Shockingly sloppy

October 12, 2015 12:00 am | Updated 05:54 am IST

11CP_jazbaa

11CP_jazbaa

Five years ago, when Aishwarya Rai Bachchan took a break from films, she was not known as an actor who could carry a film on her shoulders. The general consensus was she could perform in the company of competent directors. But those were different times. ‘Heroine-driven’ was not the buzz word then. She is in tune with the times, but has picked a rickety vehicle to return to the centre stage. And has believed in a driver, whose driving skills she is not familiar with.

She plays Anuradha Verma, a hotshot lawyer, who has no qualms in saving people who are on the wrong side of the law. One day, her daughter gets kidnapped, and the abductor wants her to save a drug peddler and alleged rapist called Miyaz Shaikh (Chandan Roy Sanyal). As new evidence crops up and things get murky, she finds support in her college friend Yohaan (Irrfan Khan), a suspended cop, who still carries some latent feelings for her.

Adapted from a Korean film,  Seven Days , the plot has all the ingredients to be turned into an entertaining pot-boiler, but somehow Gupta and dialogue writer (seasoned Kamlesh Pandey), do not invest time in creating empathy for the characters. In his hurry to create his typical green-ochre colour scheme and fast intercutting, Gupta doesn’t allow the characters to breathe, reducing an actor like Irrfan Khan to a dialogue machine obsessed with his jackets. He doesn’t realise that the subject requires an emotional connect for the audience to back Anuradha. It seems all the effort has been put in finding offbeat, obscure locations and staple melodramatic situations, which have begun to evoke laughter these days, are recycled to push the narrative. The messaging on female infanticide and victims of physical assault remain adsorbed on the surface. The logic is conveniently moulded to give Irrfan a larger-than-life image. So, as a suspended cop, when he asks for back up, nobody questions his orders.

There is hardly any synergy between Yohaan and Anuradha because Gupta has put the two characters on different platforms. Through Irrfan, he wants to reach out to the lowest common denominator, and with Aishwarya, he attempts to reach out to an audience which like their cinema to be sanitised. It results in mishmash.

Gupta is also unusually tacky in the first half, in generating thrilling moments and taut editing, which are known to be his strengths. The scene before the interval, where Anuradha is supposed to run in desperation and ultimately break down, is shockingly sloppy for a director who has given sleek stuff like  Kaante  and Zinda .

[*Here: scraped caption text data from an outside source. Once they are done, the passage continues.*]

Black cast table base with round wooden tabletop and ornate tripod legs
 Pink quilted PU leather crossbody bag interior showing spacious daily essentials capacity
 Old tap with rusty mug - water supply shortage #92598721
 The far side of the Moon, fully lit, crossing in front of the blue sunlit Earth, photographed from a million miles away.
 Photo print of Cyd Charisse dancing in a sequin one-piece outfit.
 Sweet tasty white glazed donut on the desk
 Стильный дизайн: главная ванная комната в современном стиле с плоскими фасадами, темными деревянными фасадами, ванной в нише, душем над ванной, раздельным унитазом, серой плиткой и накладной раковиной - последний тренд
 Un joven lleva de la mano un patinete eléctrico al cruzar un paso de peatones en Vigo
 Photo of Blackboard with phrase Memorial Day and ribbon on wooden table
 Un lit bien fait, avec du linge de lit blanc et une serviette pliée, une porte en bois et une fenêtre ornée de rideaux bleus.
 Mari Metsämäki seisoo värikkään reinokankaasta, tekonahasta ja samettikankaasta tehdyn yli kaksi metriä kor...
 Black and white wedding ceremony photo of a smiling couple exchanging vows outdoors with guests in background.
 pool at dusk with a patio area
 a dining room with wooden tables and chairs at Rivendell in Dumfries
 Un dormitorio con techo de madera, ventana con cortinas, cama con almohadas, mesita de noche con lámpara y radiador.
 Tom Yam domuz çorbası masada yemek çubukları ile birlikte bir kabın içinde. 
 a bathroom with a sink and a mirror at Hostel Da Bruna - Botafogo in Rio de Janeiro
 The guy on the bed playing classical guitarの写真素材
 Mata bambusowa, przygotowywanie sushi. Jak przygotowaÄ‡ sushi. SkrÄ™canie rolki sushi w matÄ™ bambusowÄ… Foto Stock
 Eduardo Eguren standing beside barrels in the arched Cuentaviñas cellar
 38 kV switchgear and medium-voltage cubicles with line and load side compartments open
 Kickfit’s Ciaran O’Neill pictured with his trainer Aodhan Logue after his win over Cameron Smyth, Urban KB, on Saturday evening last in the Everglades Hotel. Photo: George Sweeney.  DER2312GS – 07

Having said that, Gupta is not the kind of director who will tell you how to internalise the character. As one of the songs in the film suggests, he can create the scene, but then how you navigate through it is up to you. Irrfan knows how to underplay even when you are saddled with a string of cheesy, throwaway lines. But Aishwarya seems to think widening of eyes, flaring of nostrils and raising the voice will do the trick. It only makes the scenario shrill. Sincerity doesn’t always make the character convincing. Despite the dust and grime around her, and a healthy dose of glycerine in her eyes, the performance looks plastic. There is hardly any connection with the character caught in a serious situation. In the second half, Shabana Azmi, who is in a similar space as Aishwarya, shows how to do it.

Things do improve in the second half, and the big reveal is nicely wrapped deep into the narrative, but by then, one has little Jazbaa left to back this lacklustre exercise.

anuj kumar

Jazbaa

Genre: Drama/Thriller 

Director: Sanjay Gupta

Cast:Aishwarya Rai Bachchan, Irrfan Khan, Shabana Azmi, Jackie Shroff, Chandan Roy Sanyal

Bottomline:A cheesy thriller that struggles to find its target audience.